The Quebec government has moved forward a motion in a National Assembly with unanimous support to pursue its plan of creating the province’s own gun registry. This announcement was made public on the anniversary of a dreadful 1989 mass shooting which took place in University of Montreal’s École Polytechnique, where the gunman took the lives of 14 innocent women before shooting himself.
The remorseful massacre spurred a general public opinion in Quebec to pressure the former federal Liberal government to form a federal gun registry, which later was later annulled, by the Conservatives’ government of Prime Minister Stephen Harper, while adopting Bill C-19 last April. Soon after, the Quebec government took the matter to the provincial court referring to a key provision in the federal law asking for the data of gun registry not to be destroyed. Moreover, the Quebec government alleged that since it has helped forming the registry, it is at least entitled to the information involving Quebec gun owners so it shall be handed over to the province.

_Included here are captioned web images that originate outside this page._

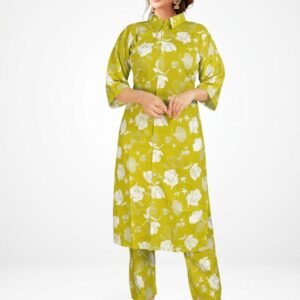 Mustard Yellow Floral Printed Co Ord Set with Shirt Collar Kurta & Pants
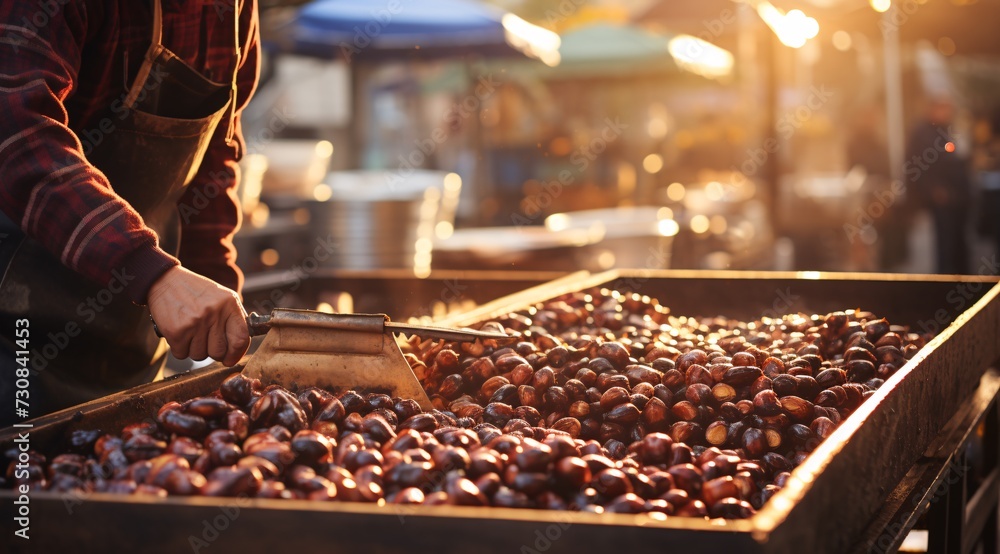A man worker grilling chestnuts in a busy Chinatown street. A man worker grilling chestnuts in a busy Chinatown street.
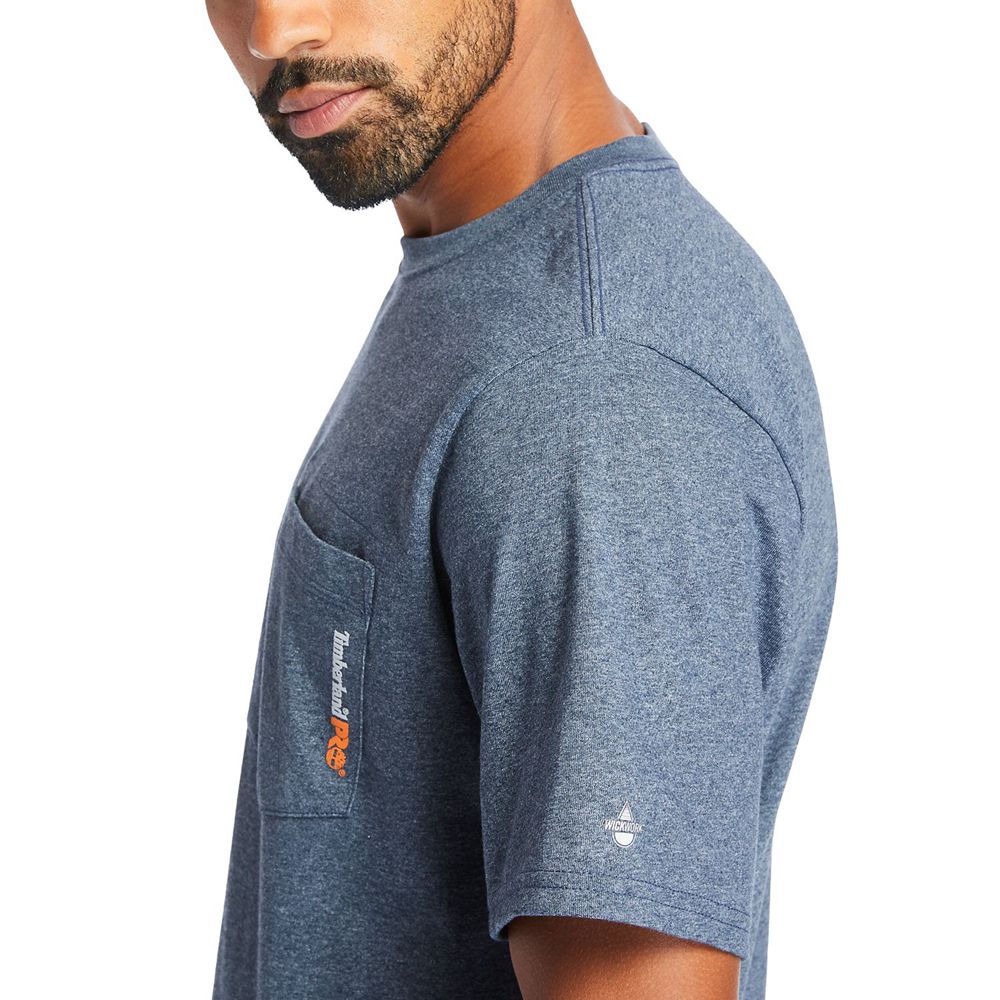 Timberland Mens T-Shirts PRO® Short Sleeve Base Plate Wicking - Blue - India CM7604983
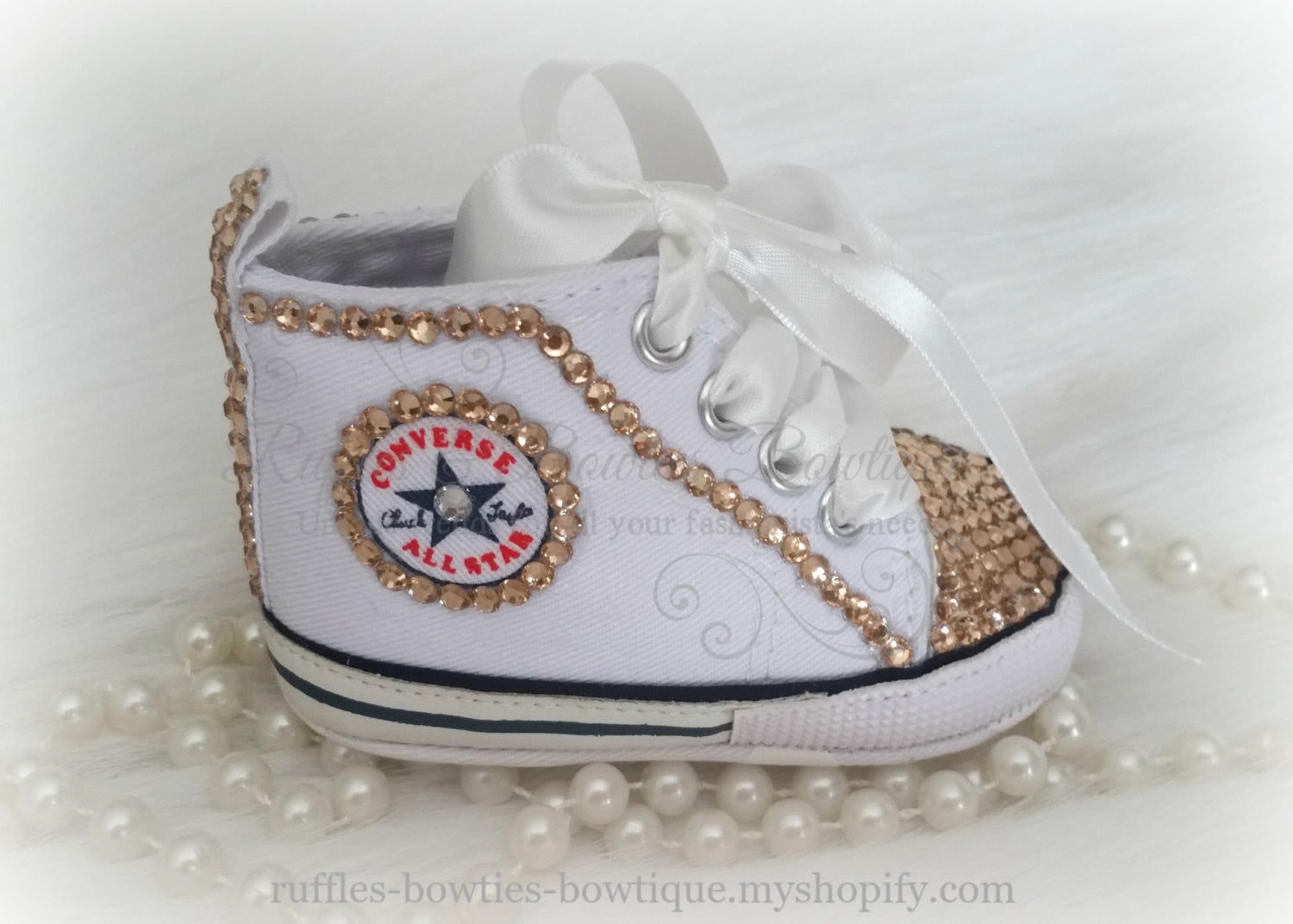 White and Gold Crystal Baby Converse High Tops- Crystal Shoes Pre Wa
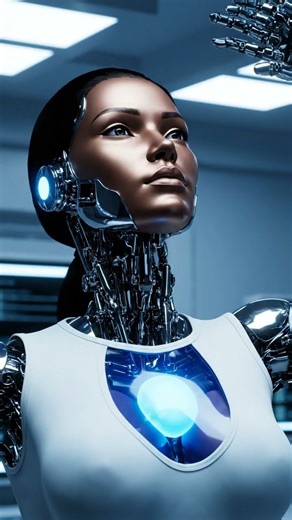 Advanced Cybernetic Humanoid Sprinting Through Sci-Fi City | Epic Robot Run 4K #robot #ai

The Public Security Minister of Quebec, Stéphane Bergeron, promised to the province that the effort of all families of the victims of the Montreal massacre will not be wasted by letting the gun registry be destroyed. He seemed pretty confidence about winning the legal fight and alleged that “I am confirming that our government has the firm intention of tabling a bill for an unrestricted gun registry in Quebec.” He also added that “this bill will be the legal foundation on which we will build a Quebec gun registry which will be set up as soon as the Quebec government receives from the federal government the data from the Canadian gun registry.”